▸ **Work task**:
Your answer should hold only the lines from the one with "As a final resort, utilize" through the end of the records, repeated exactly and minus any pictures.

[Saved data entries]

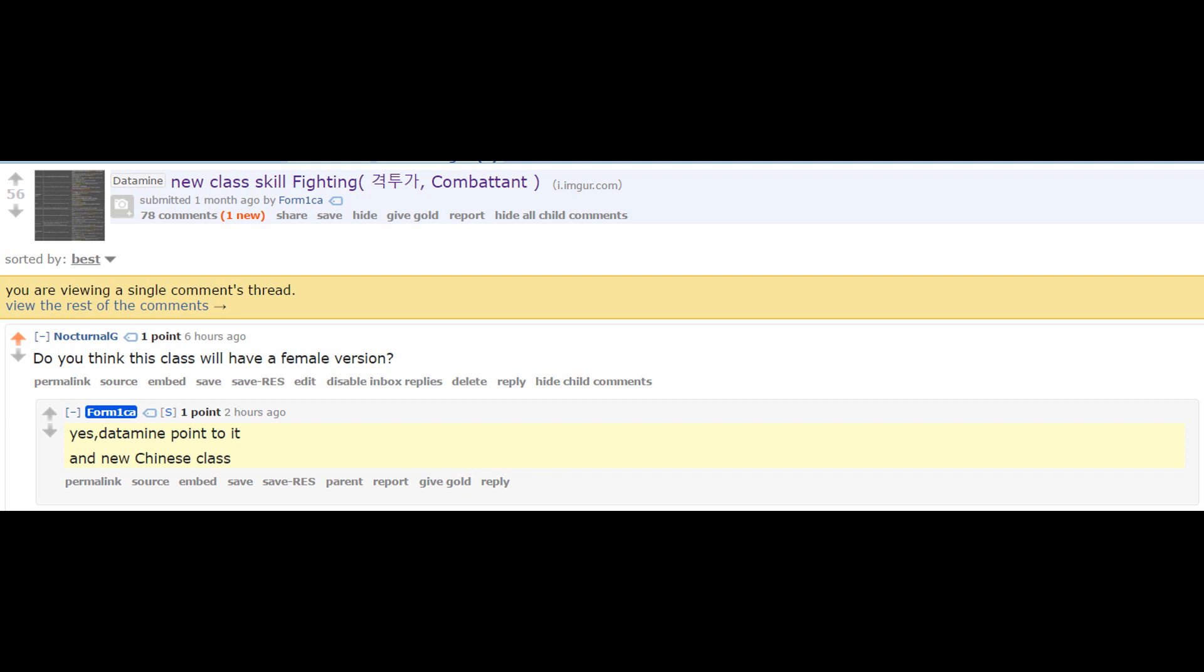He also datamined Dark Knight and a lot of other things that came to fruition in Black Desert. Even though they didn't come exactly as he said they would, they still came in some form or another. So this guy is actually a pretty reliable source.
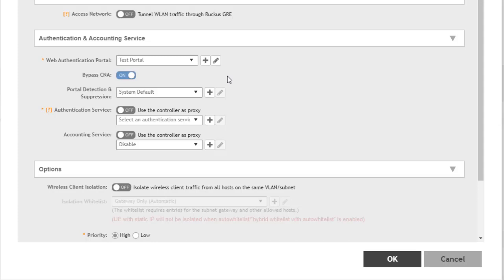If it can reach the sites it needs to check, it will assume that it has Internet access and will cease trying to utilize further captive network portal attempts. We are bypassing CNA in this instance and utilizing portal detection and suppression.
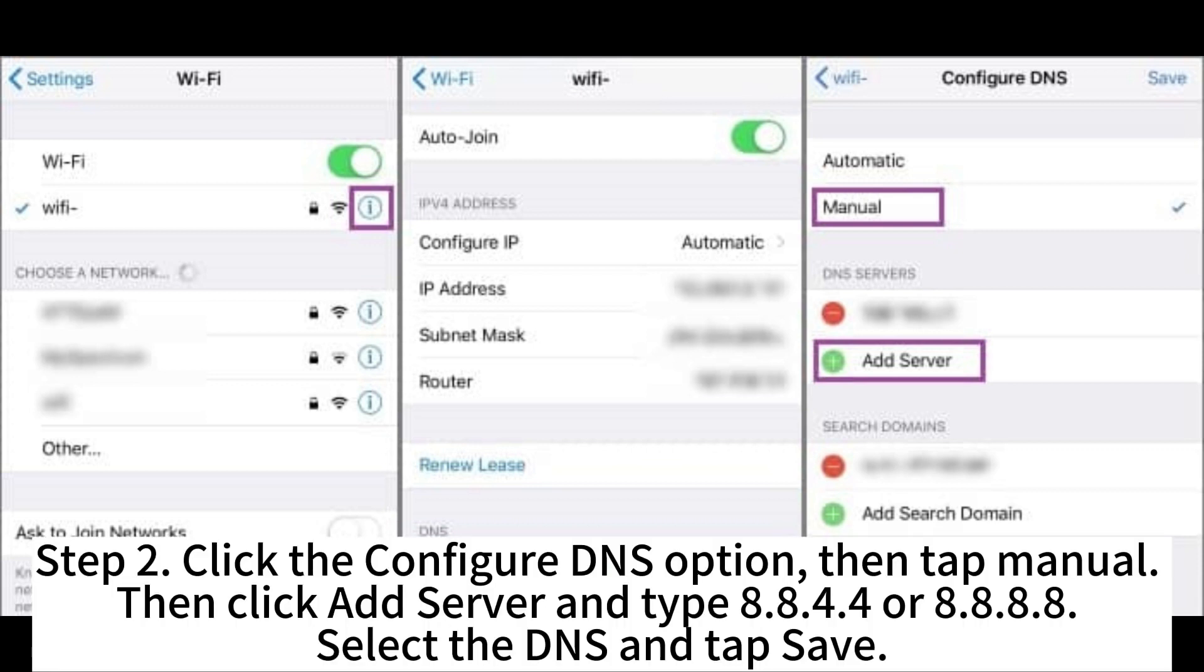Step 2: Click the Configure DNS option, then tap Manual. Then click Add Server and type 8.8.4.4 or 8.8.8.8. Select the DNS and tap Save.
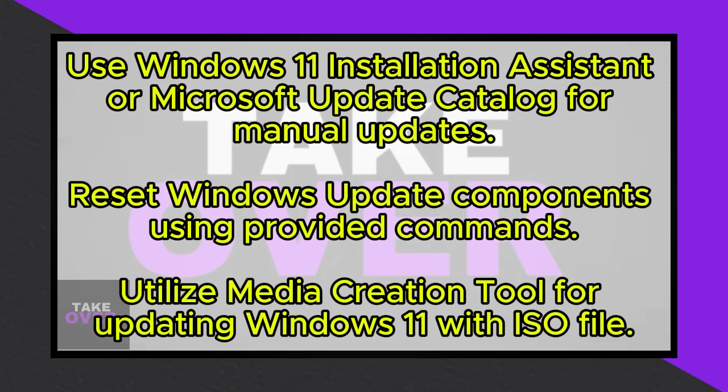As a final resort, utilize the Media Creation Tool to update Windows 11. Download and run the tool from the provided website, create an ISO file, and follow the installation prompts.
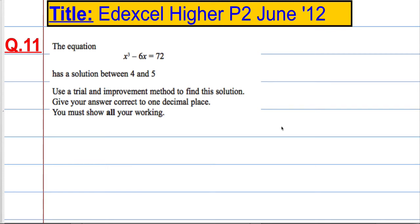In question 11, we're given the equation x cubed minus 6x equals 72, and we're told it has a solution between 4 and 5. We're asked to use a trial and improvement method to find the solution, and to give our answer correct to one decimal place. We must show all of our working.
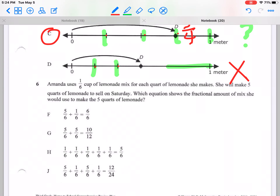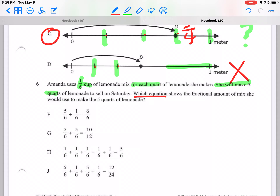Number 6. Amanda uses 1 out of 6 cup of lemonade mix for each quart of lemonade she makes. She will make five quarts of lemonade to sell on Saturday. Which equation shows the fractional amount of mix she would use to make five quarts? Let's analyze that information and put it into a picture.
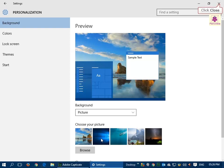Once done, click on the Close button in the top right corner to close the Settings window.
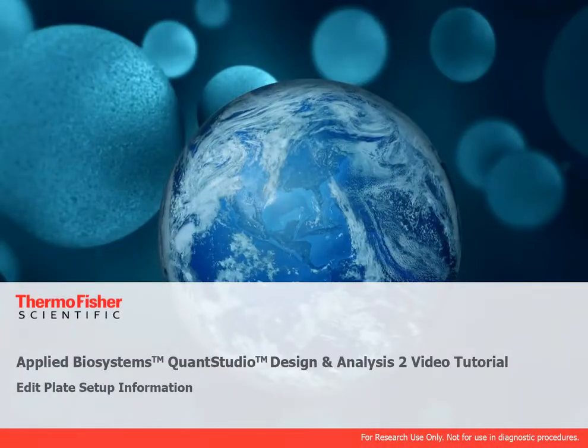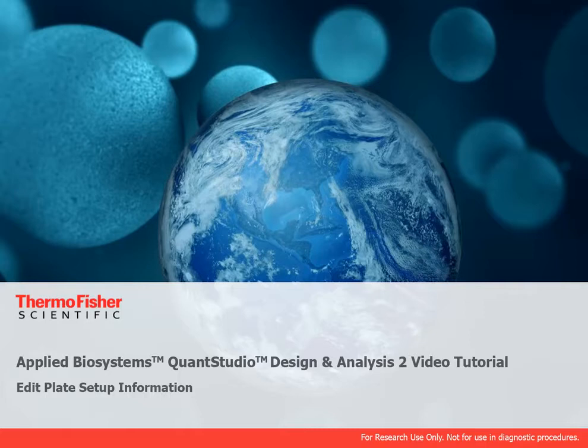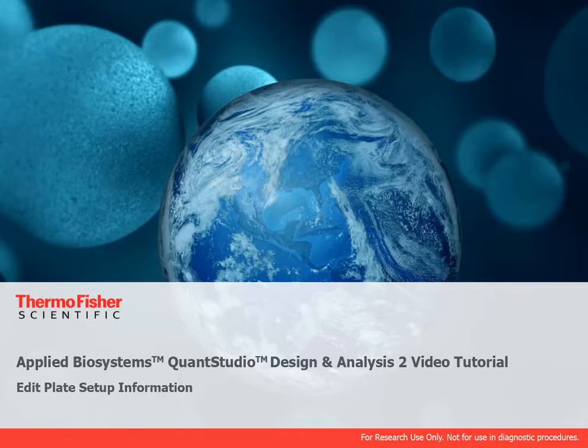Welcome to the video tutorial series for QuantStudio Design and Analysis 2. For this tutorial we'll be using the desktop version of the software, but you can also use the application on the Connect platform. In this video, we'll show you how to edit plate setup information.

▸ **Answer section**:
As a final resort, utilize the Media Creation Tool to update Windows 11. Download and run the tool from the provided website, create an ISO file, and follow the installation prompts.
In question 11, we're given the equation x cubed minus 6x equals 72, and we're told it has a solution between 4 and 5. We're asked to use a trial and improvement method to find the solution, and to give our answer correct to one decimal place. We must show all of our working.
Number 6. Amanda uses 1 out of 6 cup of lemonade mix for each quart of lemonade she makes. She will make five quarts of lemonade to sell on Saturday. Which equation shows the fractional amount of mix she would use to make five quarts? Let's analyze that information and put it into a picture.
Once done, click on the Close button in the top right corner to close the Settings window.
Welcome to the video tutorial series for QuantStudio Design and Analysis 2. For this tutorial we'll be using the desktop version of the software, but you can also use the application on the Connect platform. In this video, we'll show you how to edit plate setup information.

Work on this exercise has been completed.